Personal information
- Full name: John Sams

Domestic team information
- 1871: Sussex

Career statistics
| Competition | First-class |
| Matches | 2 |
| Runs scored | 32 |
| Batting average | 10.66 |
| 100s/50s | 0/0 |
| Top score | 16 |
| Balls bowled | 85 |
| Wickets | 3 |
| Bowling average | 13.66 |
| 5 wickets in innings | 0 |
| 10 wickets in match | 0 |
| Best bowling | 2/5 |
| Catches/stumpings | 2/– |
- Source: Cricinfo, 15 December 2011

= John Sams (cricketer) =

English cricketer

John Sams (date of birth and death unknown) was an English cricketer.
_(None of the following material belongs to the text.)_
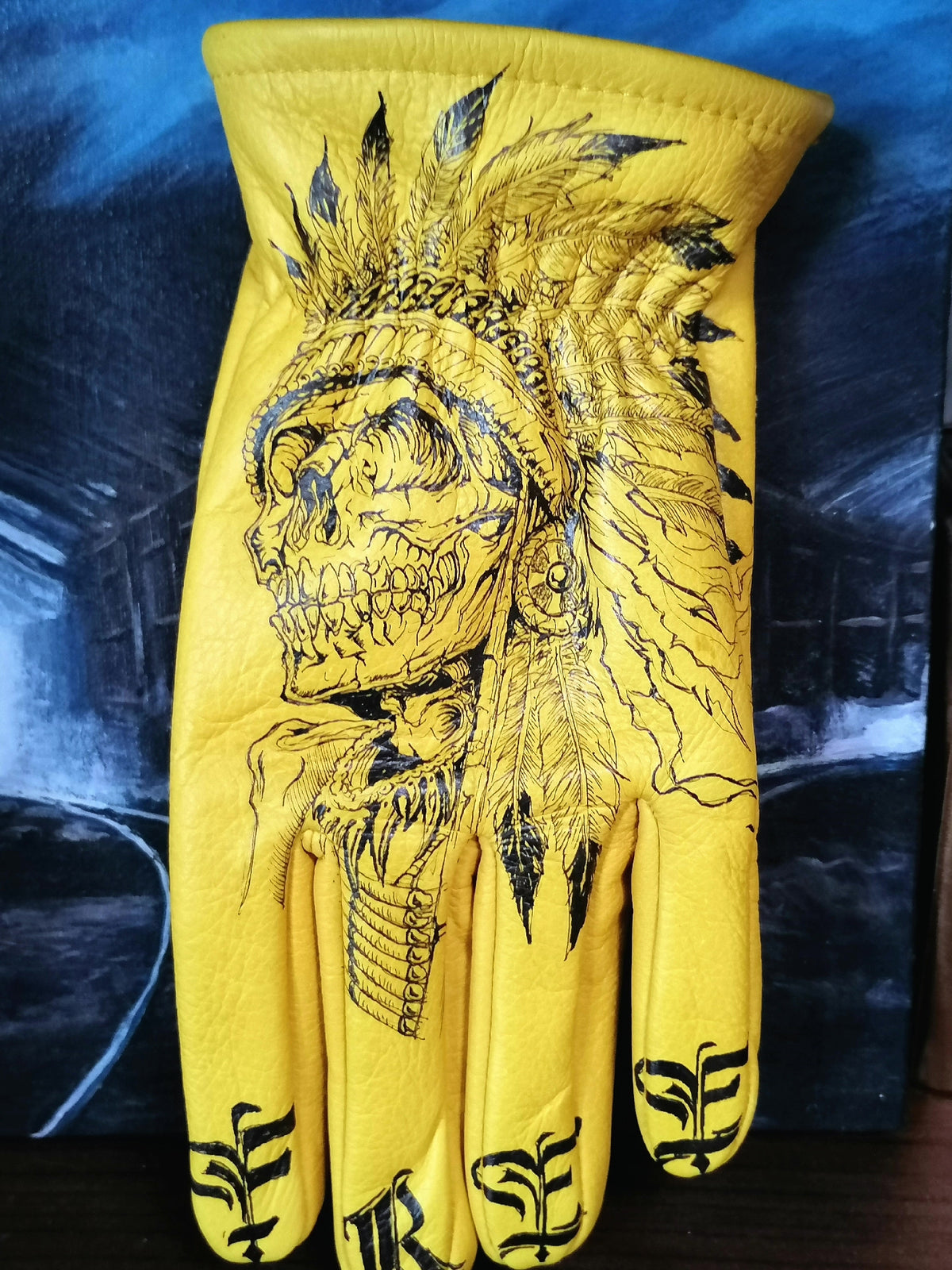 American Classic Leather Gloves with Indian Art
Sams made two first-class cricket appearances for Sussex County Cricket Club in 1856, both against Surrey. In his first match against Surrey at the Royal Brunswick Ground, Hove, Sams scored 16 runs in Sussex's first-innings before being dismissed by Thomas Sherman. In Surrey's first-innings he took the wicket of Julius Caesar, finishing with figures of 1/20 from ten overs. In Sussex's second-innings he was dismissed by Frederick Miller for 12, he followed this up by bowling two wicketless overs in Surrey's second-innings. Surrey won the match by 9 wickets. In his second match at The Oval, Sams bowled four wicketless overs in Surrey's first-innings, while in Sussex's he was dismissed for a single run by Will Martingell. He took the wickets of Martingell and Will Mortlock in Surrey's second-innings, finishing with figures of 2/5 from five overs. He ended Sussex's second-innings not out on 3, with Surrey winning by 240 runs.